The risen Lord does not try to convince waverers like ourselves with a knock-down argument. There is no trace of coercion or bullying in his approach. To Mary, in the garden on Easter morning, just the speaking of her name was enough. She doesn’t need to touch in order to be sent off on her mission. Thomas, by contrast, is given the opportunity to contradict the evidence of his own eyes—though having seen the wounds of Jesus, he doesn’t need to touch them. What Jesus is offering Thomas, Mary, the other disciples, and each of us this morning, is not a knockout argument that will contradict our skepticism and convince our unbelief. What he is offering us is not argument at all: he simply offers his wounds, his suffering, and his passion.

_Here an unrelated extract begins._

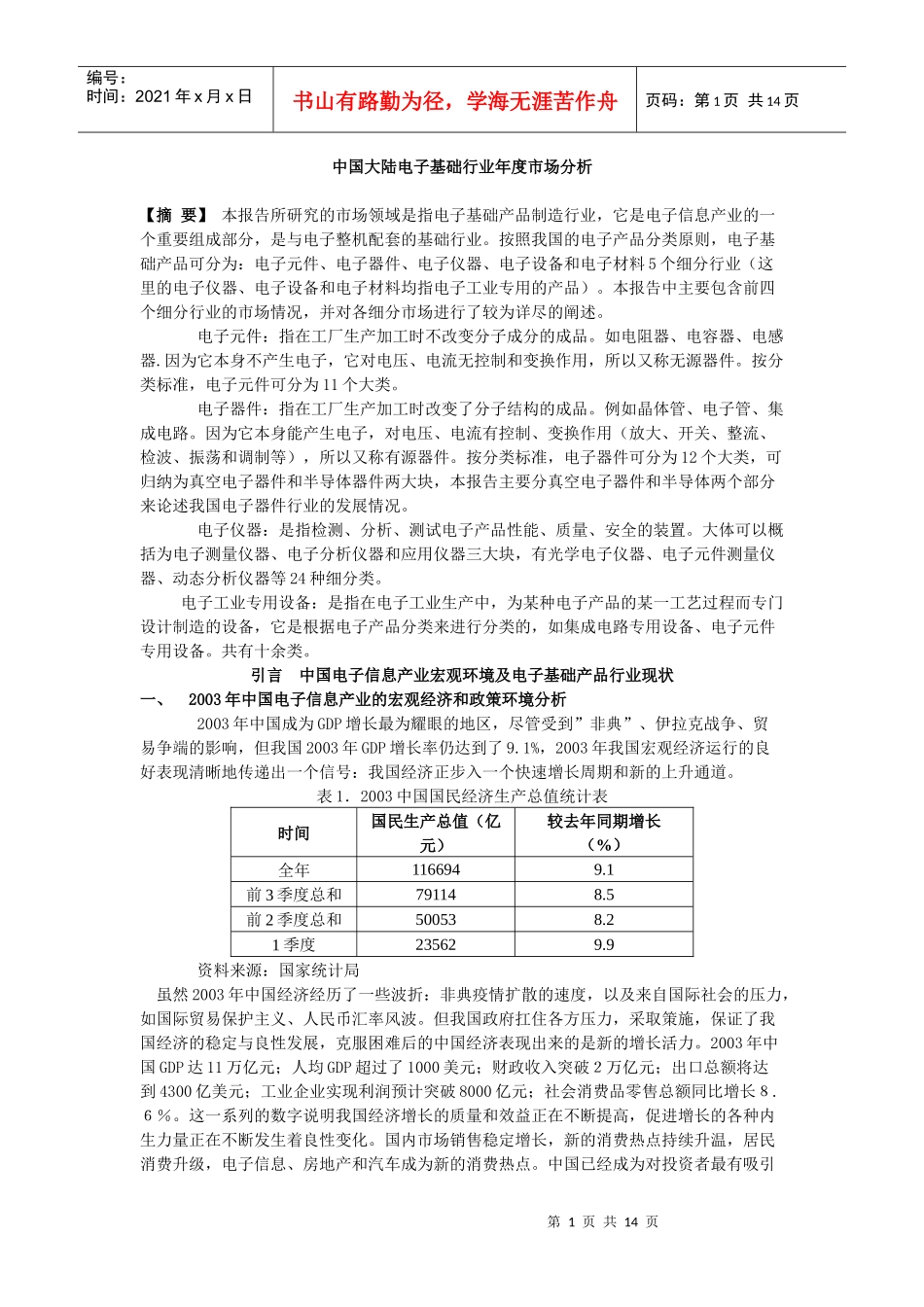 中国大陆电子基础行业年度市场分析_第1页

It is as though he were saying to them (and to us), if you really want to discover God’s love in the world and be redeemed by it, then enter into my compassion and stand with me alongside others in their waywardness and pain and fragility. Discover your own vulnerability that speaks to the vulnerability of others, and you will find and be found by my vulnerable love, which St. Paul reminds us is stronger than human strength, and his foolishness which is wiser that human wisdom.
On August 23rd last year this cathedral was shaken to the core by an earthquake that damaged the building and scarred its outward appearance. In a very real sense it disturbed the peace and de-railed the cathedral’s best-laid plans. I have often thought during my time here that perhaps God had a hand in that earthquake and that in it he was trying to say something to those of us who work and worship here about our own vulnerability. Cathedrals (like this one) that are shaped in the form of a cross are not immune from the cosmic implications of a world re-created in the life and dying of Jesus Christ—but it sometimes takes an earthquake for us to see it.
When you enter the new Coventry Cathedral in the United Kingdom from the bomb-scarred ruins of the old, what confronts you inescapably is Graham Sutherland’s great tapestry. With a small life-size figure of a human person between his knees to show the tremendous scale, the majestic image of the Ascended Christ raises his hands in blessing, hands that bear the scars of the nails. Perhaps in that earthquake we were being lovingly nudged by God to bear the scars of those nails in our witness to the gospel here. As disciples of Jesus Christ we too have to show the wounds with which his Body, the Church, is scarred today. It’s those five nails that pin me (and pin each of us) to his risen life, as well as to his bleeding body. We have to learn to live with our scars. Not to lock the doors to fear and not triumphantly to parade our invulnerability.
If we are to be true to Christ’s wounds, we have to live with a vulnerable integrity by compassion, kindness, concern for others, and self-sacrifice; out of our scars and wounds which God’s grace alone will turn to creative account in the new world order. Such wounds convinced Thomas as he wavered to cry out ‘My Lord and my God’; such wounds will help us today in our Christian discipleship. So let me end with a poem that captures that sense of wounded integrity that is implicit in all true Christian discipleship.
To see without being certain,
To trust when the intellect fails,
To push out from shore in all weathers,
And catch God’s sweet breath in the sails;
To find that flowers bloom in the rubble
As hope disappears in the sand,
To probe to the edges of meaning
Though truth can be held in your hand.
To smile in the face of an earthquake
Believing that love conquers all,
To give when it’s madness to do so,
To follow because of a call.
To open your heart to a stranger,
Saying yes when the sceptic says no.
To feel for another’s injustice
Standing firm when others let go.
In the daily transactions of living,
In the simple concerns of each day,
A heaven may open like blossom
Like children learning to play.
The truth of God’s Easter uprising
Beyond doubt will never be proved,
But drawn by faith’s deeper perception
We know through his presence we’re called.